Sgt Shepherd cited an area off Old Post Office Court in the city centre where he finds used needles, human faeces and layers of congealed rubbish and cardboard boxes.
Last month similar detritus was exposed in a tent left abandoned on Brigg Street - the remnants of two months of rough sleeping.
There are hopes a new partnership project - Pathways - will help reduce the need for CBOs by providing high visibility outreach teams to engage with the homeless and bring them into support services.
Councillor Kevin Maguire, Norwich City Council’s cabinet member with responsibility for rough sleeping said: “Like many city centres, Norwich is facing increased levels of rough sleeping and, at times, anti-social behaviour due to drug and alcohol misuse, which is partly a result of the reduction in public services and the impact of welfare reform.
“The council is tackling rough sleeping in partnership with a range of organisations.
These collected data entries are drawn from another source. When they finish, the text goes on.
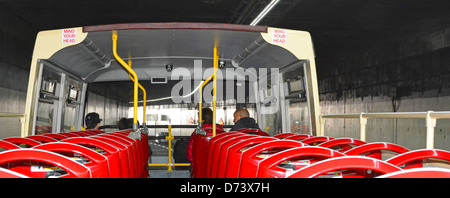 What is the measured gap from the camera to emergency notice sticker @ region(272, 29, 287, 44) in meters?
5.03

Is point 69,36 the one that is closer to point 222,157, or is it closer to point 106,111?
point 222,157

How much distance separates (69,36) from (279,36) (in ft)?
8.01

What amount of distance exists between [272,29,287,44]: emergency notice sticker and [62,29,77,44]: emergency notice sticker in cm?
230

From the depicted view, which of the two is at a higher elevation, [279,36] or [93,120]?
[279,36]

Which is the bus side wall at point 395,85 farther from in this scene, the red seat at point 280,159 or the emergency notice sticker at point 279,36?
the red seat at point 280,159

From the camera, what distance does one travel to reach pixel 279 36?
507 centimetres

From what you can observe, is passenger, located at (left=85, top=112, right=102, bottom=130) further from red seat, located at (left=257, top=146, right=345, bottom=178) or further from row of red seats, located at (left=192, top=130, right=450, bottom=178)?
red seat, located at (left=257, top=146, right=345, bottom=178)

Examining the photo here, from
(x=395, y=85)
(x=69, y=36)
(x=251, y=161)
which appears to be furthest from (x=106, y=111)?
(x=395, y=85)

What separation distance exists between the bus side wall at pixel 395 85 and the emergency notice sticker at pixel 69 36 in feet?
47.2

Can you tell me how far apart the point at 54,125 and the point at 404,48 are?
1669cm

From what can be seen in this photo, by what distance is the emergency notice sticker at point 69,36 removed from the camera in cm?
486

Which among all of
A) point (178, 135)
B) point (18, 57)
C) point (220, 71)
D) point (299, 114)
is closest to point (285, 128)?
point (299, 114)

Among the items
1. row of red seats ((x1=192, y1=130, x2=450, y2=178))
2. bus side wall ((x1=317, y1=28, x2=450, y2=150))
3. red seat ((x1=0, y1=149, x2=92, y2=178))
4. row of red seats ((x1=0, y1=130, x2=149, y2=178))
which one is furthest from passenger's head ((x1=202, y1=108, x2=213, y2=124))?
bus side wall ((x1=317, y1=28, x2=450, y2=150))

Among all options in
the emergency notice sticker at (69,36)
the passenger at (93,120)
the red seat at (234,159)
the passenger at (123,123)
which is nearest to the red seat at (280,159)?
the red seat at (234,159) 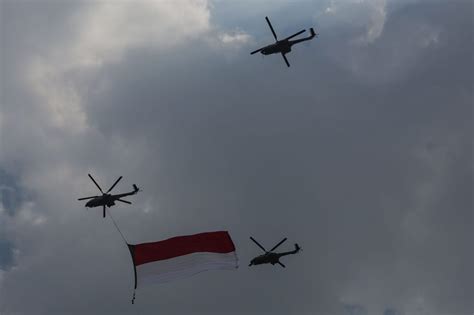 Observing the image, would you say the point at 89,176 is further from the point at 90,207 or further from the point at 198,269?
the point at 198,269

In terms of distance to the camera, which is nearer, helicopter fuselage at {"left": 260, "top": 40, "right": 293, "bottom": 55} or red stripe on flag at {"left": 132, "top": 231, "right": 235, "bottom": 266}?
red stripe on flag at {"left": 132, "top": 231, "right": 235, "bottom": 266}

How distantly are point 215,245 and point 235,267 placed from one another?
10.4 ft

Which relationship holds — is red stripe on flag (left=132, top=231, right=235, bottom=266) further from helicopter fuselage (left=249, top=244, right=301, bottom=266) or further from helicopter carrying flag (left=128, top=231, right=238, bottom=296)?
helicopter fuselage (left=249, top=244, right=301, bottom=266)

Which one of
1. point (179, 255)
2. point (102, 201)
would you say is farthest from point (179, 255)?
point (102, 201)

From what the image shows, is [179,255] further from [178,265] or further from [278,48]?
[278,48]

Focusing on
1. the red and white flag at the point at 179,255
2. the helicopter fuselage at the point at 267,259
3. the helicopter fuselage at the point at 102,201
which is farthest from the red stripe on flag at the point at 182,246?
the helicopter fuselage at the point at 267,259

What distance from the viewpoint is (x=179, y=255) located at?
6688cm

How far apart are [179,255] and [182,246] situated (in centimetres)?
96

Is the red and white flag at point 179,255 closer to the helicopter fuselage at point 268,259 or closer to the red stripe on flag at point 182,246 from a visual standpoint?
the red stripe on flag at point 182,246

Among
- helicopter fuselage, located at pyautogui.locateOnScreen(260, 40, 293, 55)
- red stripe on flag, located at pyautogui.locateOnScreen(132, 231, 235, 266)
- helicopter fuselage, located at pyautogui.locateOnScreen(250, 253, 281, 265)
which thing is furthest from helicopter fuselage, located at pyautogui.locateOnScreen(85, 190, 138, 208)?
helicopter fuselage, located at pyautogui.locateOnScreen(260, 40, 293, 55)

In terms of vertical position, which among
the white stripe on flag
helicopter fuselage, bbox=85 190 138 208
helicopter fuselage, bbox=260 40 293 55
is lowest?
the white stripe on flag

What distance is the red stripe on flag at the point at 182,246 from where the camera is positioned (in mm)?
65562

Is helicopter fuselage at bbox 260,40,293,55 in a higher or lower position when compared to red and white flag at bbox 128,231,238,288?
higher

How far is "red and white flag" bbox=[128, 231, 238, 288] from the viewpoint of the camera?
65.2 m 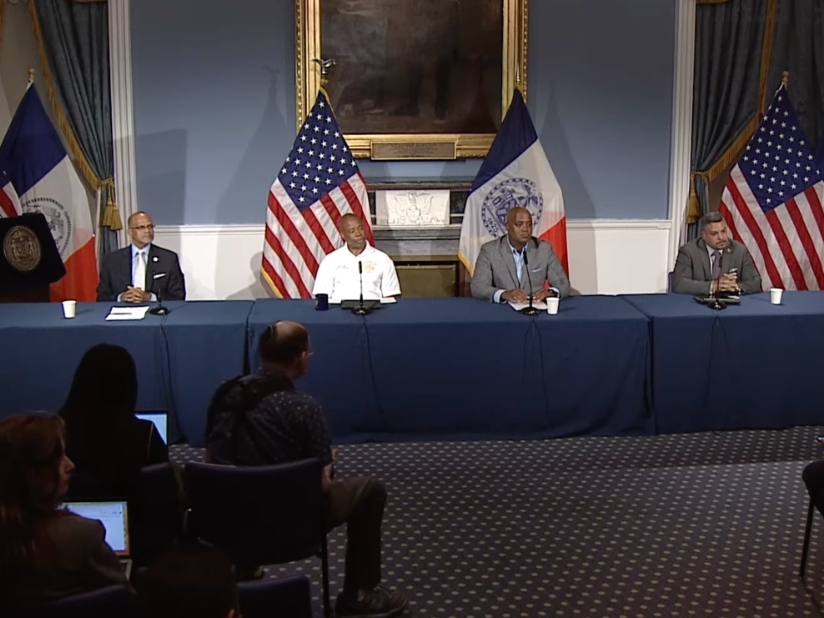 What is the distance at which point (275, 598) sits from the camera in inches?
82.4

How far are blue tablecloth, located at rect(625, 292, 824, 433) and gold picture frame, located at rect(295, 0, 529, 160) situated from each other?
2826mm

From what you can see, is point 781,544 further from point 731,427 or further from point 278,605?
point 278,605

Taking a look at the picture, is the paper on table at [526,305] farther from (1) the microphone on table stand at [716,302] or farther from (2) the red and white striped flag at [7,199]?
(2) the red and white striped flag at [7,199]

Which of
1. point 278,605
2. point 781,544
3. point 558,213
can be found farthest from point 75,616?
point 558,213

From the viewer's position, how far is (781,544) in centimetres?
379

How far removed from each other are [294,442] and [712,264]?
3.70 m

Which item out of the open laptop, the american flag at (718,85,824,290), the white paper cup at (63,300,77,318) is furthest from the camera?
the american flag at (718,85,824,290)

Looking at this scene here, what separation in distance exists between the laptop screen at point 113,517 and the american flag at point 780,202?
17.7 feet

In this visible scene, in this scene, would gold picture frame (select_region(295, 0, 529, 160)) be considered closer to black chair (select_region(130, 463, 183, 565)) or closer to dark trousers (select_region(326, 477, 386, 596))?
dark trousers (select_region(326, 477, 386, 596))

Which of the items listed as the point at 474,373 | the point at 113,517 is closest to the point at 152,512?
the point at 113,517

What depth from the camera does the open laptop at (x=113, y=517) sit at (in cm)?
264

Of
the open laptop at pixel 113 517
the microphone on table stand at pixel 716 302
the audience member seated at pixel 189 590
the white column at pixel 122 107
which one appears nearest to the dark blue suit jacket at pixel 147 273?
the white column at pixel 122 107

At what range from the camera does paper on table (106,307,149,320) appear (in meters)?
5.04

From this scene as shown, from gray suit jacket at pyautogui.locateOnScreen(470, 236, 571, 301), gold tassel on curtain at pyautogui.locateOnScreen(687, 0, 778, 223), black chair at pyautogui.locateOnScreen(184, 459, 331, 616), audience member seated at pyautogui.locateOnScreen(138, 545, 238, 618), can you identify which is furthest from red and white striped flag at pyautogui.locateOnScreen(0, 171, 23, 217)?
audience member seated at pyautogui.locateOnScreen(138, 545, 238, 618) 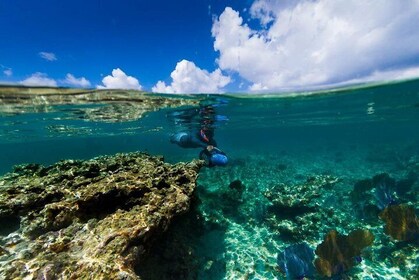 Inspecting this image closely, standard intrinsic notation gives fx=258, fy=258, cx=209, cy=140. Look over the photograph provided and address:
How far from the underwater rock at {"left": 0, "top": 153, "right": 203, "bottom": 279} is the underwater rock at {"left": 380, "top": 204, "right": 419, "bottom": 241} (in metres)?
7.55

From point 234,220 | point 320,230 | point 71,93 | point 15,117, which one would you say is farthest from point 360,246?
point 15,117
This includes working closely with the police to address issues associated with rough sleeping and encouraging individuals to engage with the support available to them.
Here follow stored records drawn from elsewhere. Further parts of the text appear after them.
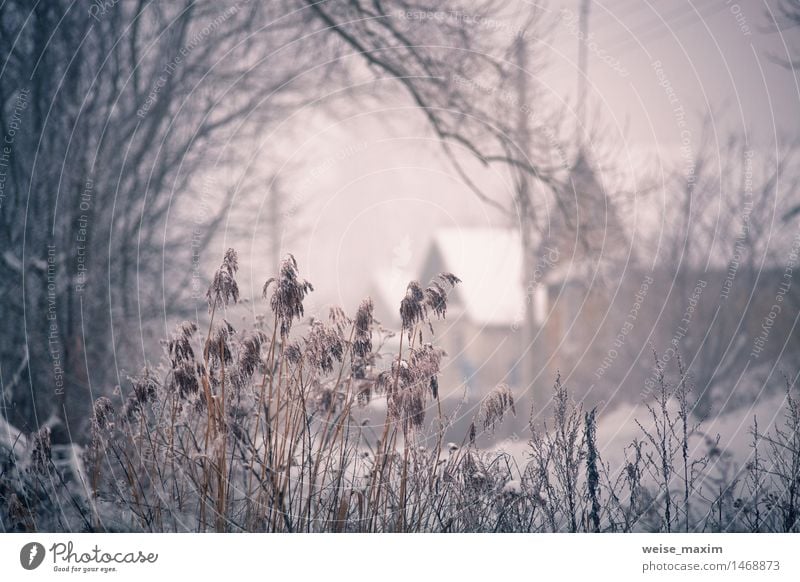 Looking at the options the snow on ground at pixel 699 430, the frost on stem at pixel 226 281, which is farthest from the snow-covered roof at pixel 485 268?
the frost on stem at pixel 226 281

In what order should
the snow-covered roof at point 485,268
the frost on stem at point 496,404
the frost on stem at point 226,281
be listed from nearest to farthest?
1. the frost on stem at point 226,281
2. the frost on stem at point 496,404
3. the snow-covered roof at point 485,268

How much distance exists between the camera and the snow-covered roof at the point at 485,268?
142 inches

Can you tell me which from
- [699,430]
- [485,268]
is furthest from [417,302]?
[699,430]

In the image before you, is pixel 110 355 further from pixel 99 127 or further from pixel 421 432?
pixel 421 432

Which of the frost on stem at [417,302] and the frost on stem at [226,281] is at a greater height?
the frost on stem at [226,281]

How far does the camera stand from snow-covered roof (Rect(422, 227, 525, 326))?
3614 millimetres

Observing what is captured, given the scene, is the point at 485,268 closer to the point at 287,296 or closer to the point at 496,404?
the point at 496,404

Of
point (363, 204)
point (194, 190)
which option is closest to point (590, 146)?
point (363, 204)

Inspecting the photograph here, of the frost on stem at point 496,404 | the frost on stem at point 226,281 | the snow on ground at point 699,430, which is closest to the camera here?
the frost on stem at point 226,281

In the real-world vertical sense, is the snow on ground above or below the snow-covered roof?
below

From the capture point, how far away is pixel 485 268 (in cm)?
365

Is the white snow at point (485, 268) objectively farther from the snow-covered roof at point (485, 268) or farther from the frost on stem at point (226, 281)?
the frost on stem at point (226, 281)

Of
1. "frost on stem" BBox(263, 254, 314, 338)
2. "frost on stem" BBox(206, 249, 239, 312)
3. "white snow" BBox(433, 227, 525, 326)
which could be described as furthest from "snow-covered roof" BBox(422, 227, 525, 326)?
"frost on stem" BBox(206, 249, 239, 312)

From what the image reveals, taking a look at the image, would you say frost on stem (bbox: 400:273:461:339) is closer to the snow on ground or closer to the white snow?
the white snow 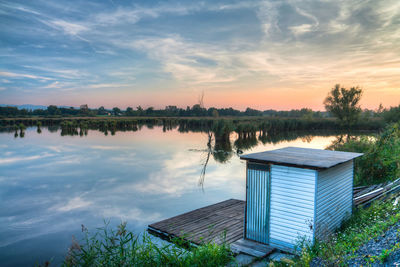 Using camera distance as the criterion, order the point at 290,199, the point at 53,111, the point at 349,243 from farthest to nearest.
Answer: the point at 53,111
the point at 290,199
the point at 349,243

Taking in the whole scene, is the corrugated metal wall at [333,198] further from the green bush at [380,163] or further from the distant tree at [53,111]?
the distant tree at [53,111]

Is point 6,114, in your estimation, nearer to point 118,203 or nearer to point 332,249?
point 118,203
“As part of our strategy to reduce and, wherever possible, prevent homelessness, we have awarded funding to eight specialist charities to enable them to collaborate to provide intensive, tailored support for those most in need.”
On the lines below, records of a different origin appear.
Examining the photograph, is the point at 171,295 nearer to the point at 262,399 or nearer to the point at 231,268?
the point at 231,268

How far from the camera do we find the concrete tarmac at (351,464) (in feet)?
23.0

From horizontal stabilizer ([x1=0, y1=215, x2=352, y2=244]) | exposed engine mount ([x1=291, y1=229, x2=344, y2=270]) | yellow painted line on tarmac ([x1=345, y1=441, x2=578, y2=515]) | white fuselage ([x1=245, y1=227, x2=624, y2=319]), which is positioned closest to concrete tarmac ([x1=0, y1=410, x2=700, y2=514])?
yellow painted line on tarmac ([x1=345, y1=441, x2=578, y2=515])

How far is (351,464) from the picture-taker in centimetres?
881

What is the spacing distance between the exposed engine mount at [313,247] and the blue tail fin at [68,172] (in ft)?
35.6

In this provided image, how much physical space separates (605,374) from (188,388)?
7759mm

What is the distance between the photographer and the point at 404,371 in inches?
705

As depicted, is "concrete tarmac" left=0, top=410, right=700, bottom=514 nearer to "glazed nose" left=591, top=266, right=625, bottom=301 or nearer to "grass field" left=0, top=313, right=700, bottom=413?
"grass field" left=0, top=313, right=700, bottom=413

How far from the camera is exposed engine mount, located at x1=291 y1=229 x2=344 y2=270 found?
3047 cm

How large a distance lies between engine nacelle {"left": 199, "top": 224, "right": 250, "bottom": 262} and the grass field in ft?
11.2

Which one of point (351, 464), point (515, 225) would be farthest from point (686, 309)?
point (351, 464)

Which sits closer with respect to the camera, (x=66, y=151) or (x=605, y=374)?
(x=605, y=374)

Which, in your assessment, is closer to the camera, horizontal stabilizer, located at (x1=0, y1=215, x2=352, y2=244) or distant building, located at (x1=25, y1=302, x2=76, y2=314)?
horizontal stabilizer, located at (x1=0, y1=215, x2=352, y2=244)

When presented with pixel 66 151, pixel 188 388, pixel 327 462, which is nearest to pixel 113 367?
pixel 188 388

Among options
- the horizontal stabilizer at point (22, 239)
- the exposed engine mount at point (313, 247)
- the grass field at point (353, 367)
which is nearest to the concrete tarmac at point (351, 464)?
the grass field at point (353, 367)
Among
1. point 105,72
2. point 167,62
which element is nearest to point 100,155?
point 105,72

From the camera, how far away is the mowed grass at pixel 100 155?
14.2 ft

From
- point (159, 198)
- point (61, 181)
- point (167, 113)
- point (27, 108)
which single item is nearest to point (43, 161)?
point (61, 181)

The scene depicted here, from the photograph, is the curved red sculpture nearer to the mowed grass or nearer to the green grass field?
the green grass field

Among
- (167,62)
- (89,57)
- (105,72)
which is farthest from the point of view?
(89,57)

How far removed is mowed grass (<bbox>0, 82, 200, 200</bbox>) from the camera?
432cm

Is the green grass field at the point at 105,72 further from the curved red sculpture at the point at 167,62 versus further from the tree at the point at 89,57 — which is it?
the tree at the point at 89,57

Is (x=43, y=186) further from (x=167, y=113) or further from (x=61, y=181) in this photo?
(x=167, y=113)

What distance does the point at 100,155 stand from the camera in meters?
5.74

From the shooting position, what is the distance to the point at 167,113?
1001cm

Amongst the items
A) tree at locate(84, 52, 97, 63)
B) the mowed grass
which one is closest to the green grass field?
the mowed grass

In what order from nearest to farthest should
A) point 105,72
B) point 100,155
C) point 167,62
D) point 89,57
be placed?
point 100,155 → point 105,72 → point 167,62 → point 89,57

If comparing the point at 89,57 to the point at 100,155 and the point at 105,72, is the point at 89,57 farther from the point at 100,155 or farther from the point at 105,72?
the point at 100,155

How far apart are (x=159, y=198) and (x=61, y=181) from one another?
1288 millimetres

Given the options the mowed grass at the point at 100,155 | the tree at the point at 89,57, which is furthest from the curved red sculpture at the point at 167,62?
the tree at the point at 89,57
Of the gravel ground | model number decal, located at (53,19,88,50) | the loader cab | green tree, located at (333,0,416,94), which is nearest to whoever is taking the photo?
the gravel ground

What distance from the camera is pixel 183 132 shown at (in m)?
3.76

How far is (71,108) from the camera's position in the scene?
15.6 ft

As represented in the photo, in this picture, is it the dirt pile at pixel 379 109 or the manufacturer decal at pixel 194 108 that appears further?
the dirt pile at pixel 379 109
Criminal behaviour orders in Norwich
Criminal behaviour orders that have been issued to the homeless in Norwich are often breached.
They usually result in a fine or some time in custody.
Matthew Morris, 54, of no fixed abode, was issued with a criminal behaviour order on May 24. It bans him from visiting the Haymarket except for access to the soup kitchen between 7.30pm and 9pm each day.
He also must not be drunk or found with an open container of alcohol within the inner ring road, must not act in “a way that causes nuisance, annoyance, distress or alarm,” and must engage with St Martin’s Housing within two months.
Andrew Francis, 37, of no fixed address, was given an eight week prison sentence, suspended for a year, at Norwich Magistrates Court on March 24 2017 when he admitted consuming butane gas which put him in breach of a criminal behaviour order.
That breach, on March 23, came just one day after he had been released from a six week prison sentence for breaching the order, which was first issued to him in July last year.
Lizzie Smith, of no fixed abode, was handed a criminal behaviour order in December 2016, banning her from entering the city centre for three years.
It followed a court case against her for “persistently begging in a public place”.
But in May 2017, Smith appeared in a report put together by BBC Look East, on Castle Meadow’s Kindakafe, putting her in breach of the order.
The courts will not always grant applications for a community behaviour order, as it has been argued they are unduly harsh.
On May 15 26-year-old Joseph Newton was brought before Norwich Magistrates Court where he admitted begging in a public place.
But after magistrates heard no evidence of Newton being aggressive or harassing, they refused to issue a criminal behaviour order asked for by the Crown Prosecution Service.
Dave Foulkes, mitigating for Newton, said he feared prosecutors were trying to “up the ante” by dangling the prosect of prison over him.
“My concern is we are turning a non-imprisonable offence [of begging] into an imprisonable offence,” he said.
“I thought the courts frowned upon doing that.”